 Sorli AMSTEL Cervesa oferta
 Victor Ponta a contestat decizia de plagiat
────────────────
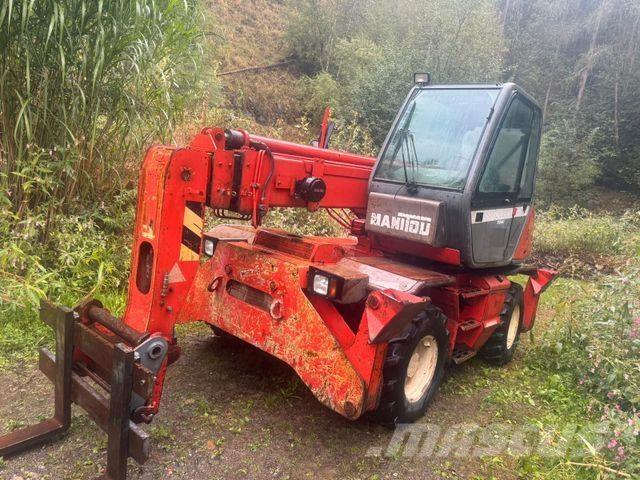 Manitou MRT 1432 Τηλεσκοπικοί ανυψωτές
────────────────
PROBLEM DESCRIPTION » Using the records above, restate word for word the lines from the one with "Sorli AMSTEL Cervesa oferta" through the one with "Victor Ponta a contestat decizia de plagiat", both included.

SOLVED EXERCISE »
 Sorli AMSTEL Cervesa oferta
 Victor Ponta a contestat decizia de plagiat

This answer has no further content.